(Short web captions)
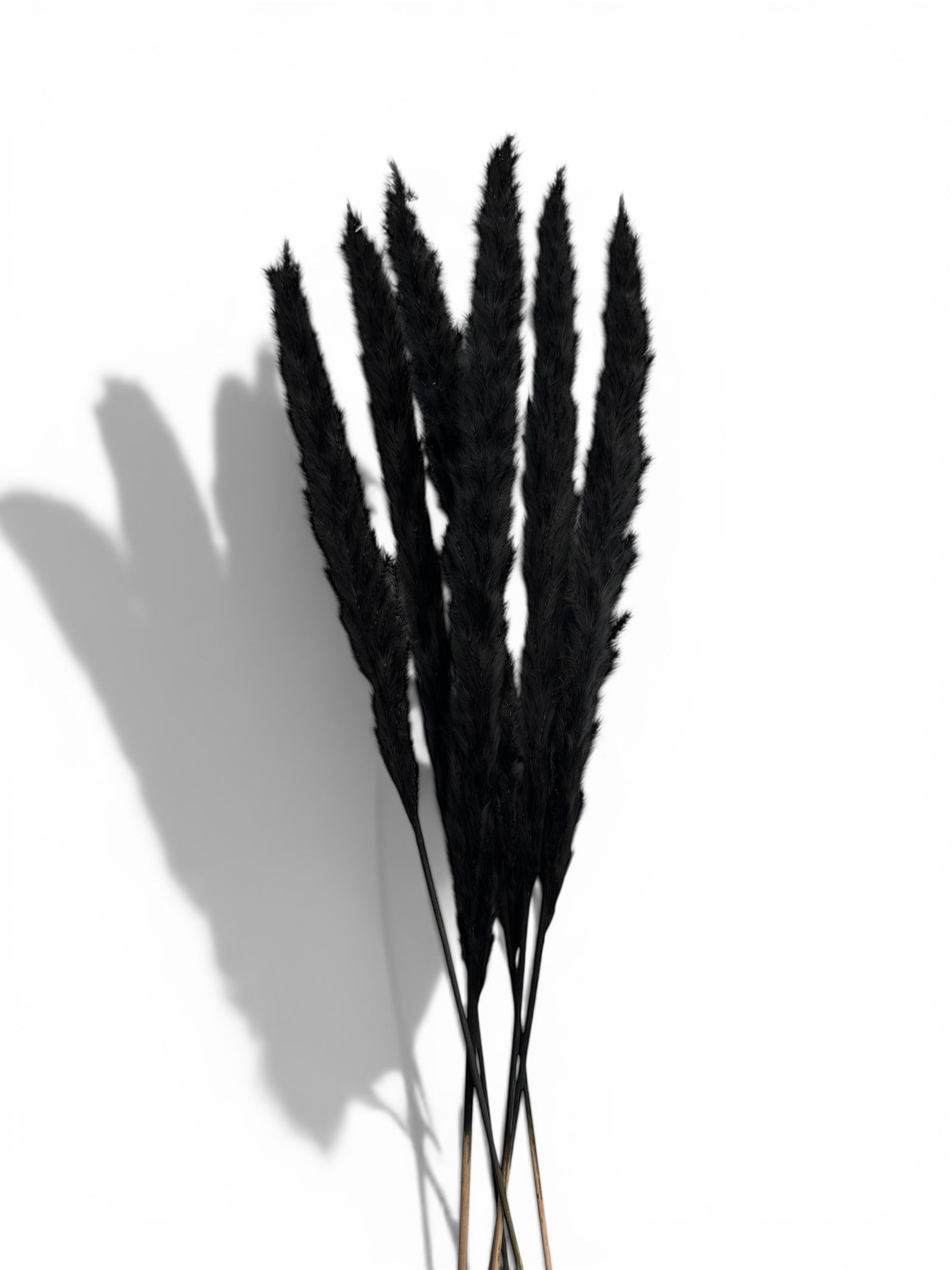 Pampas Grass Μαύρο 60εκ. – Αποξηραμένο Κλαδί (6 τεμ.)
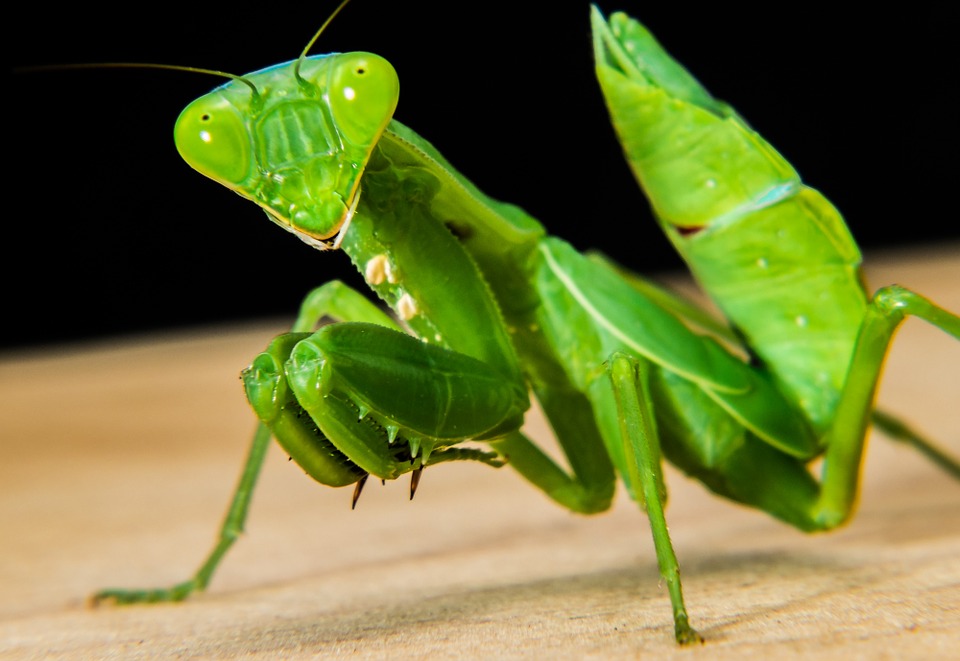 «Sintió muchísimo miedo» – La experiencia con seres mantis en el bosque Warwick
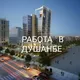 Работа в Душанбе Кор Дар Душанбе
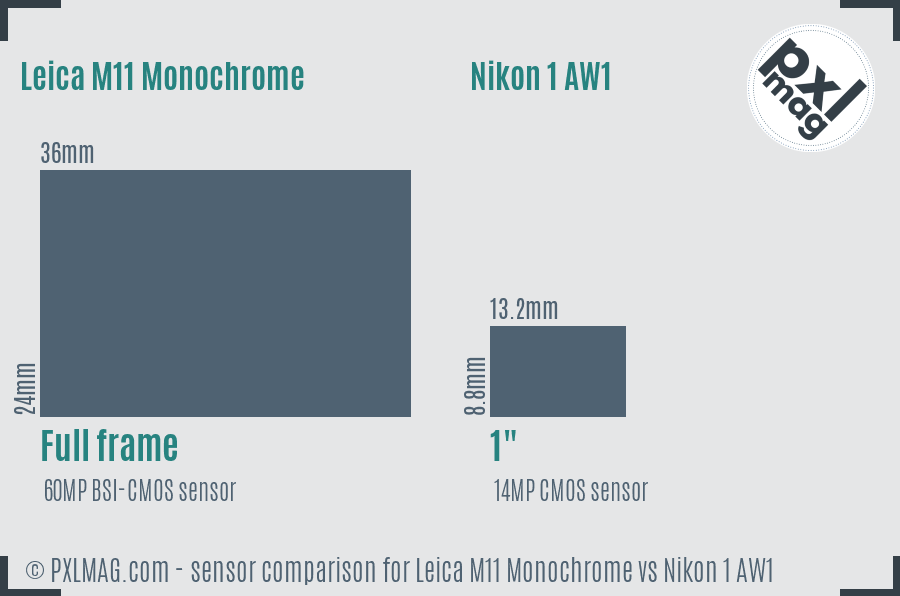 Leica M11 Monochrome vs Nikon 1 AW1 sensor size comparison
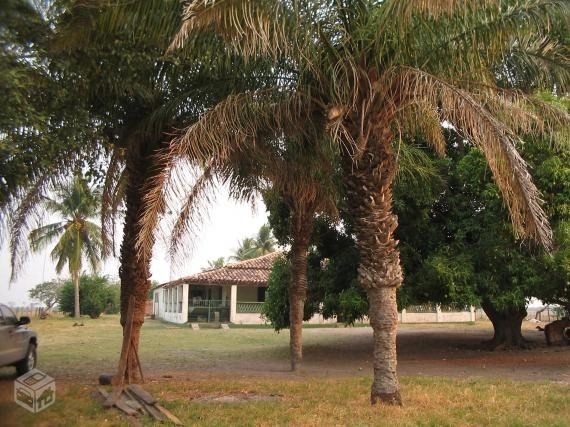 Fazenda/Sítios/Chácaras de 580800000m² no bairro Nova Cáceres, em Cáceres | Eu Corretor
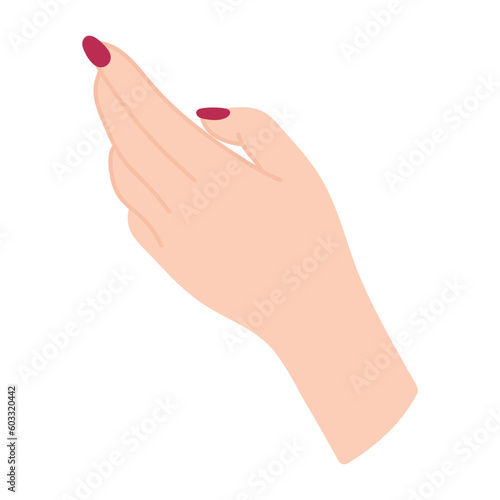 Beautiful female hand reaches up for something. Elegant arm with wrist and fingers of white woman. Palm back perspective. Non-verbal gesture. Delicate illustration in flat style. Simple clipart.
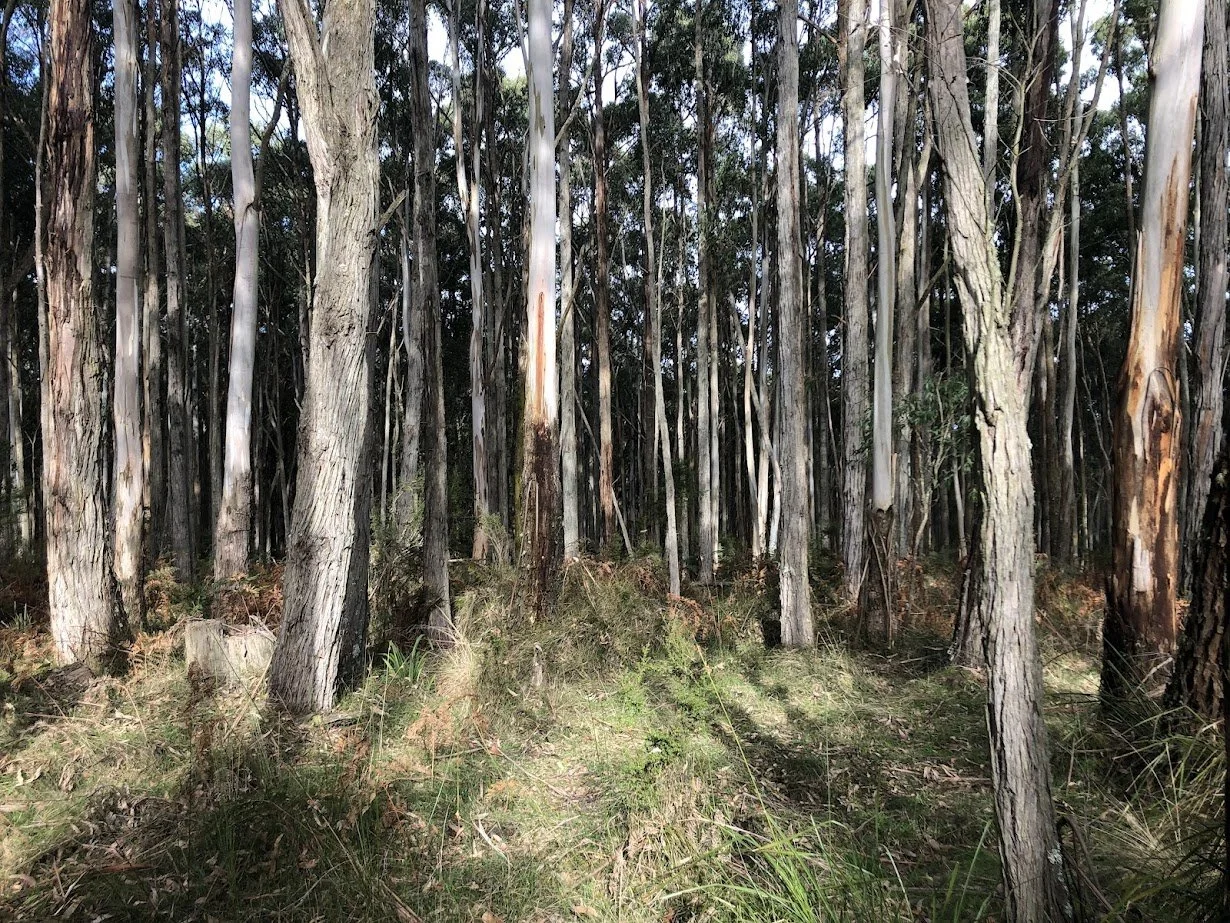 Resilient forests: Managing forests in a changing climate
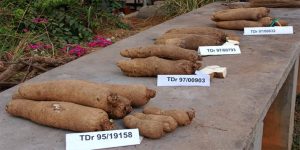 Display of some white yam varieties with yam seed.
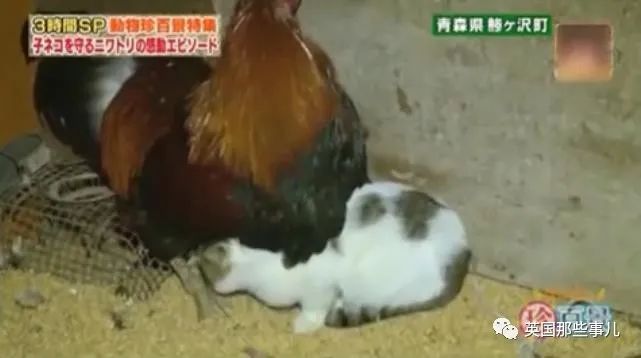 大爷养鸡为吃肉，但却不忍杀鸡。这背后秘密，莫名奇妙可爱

PROBLEM STATEMENT → Every line in the records is to be retyped exactly as it stands; the pictures stay out.

TASK SOLUTION →
 Pampas Grass Μαύρο 60εκ. – Αποξηραμένο Κλαδί (6 τεμ.)
 «Sintió muchísimo miedo» – La experiencia con seres mantis en el bosque Warwick
 Работа в Душанбе Кор Дар Душанбе
 Leica M11 Monochrome vs Nikon 1 AW1 sensor size comparison
 Fazenda/Sítios/Chácaras de 580800000m² no bairro Nova Cáceres, em Cáceres | Eu Corretor
 Beautiful female hand reaches up for something. Elegant arm with wrist and fingers of white woman. Palm back perspective. Non-verbal gesture. Delicate illustration in flat style. Simple clipart.
 Resilient forests: Managing forests in a changing climate
 Display of some white yam varieties with yam seed.
 大爷养鸡为吃肉，但却不忍杀鸡。这背后秘密，莫名奇妙可爱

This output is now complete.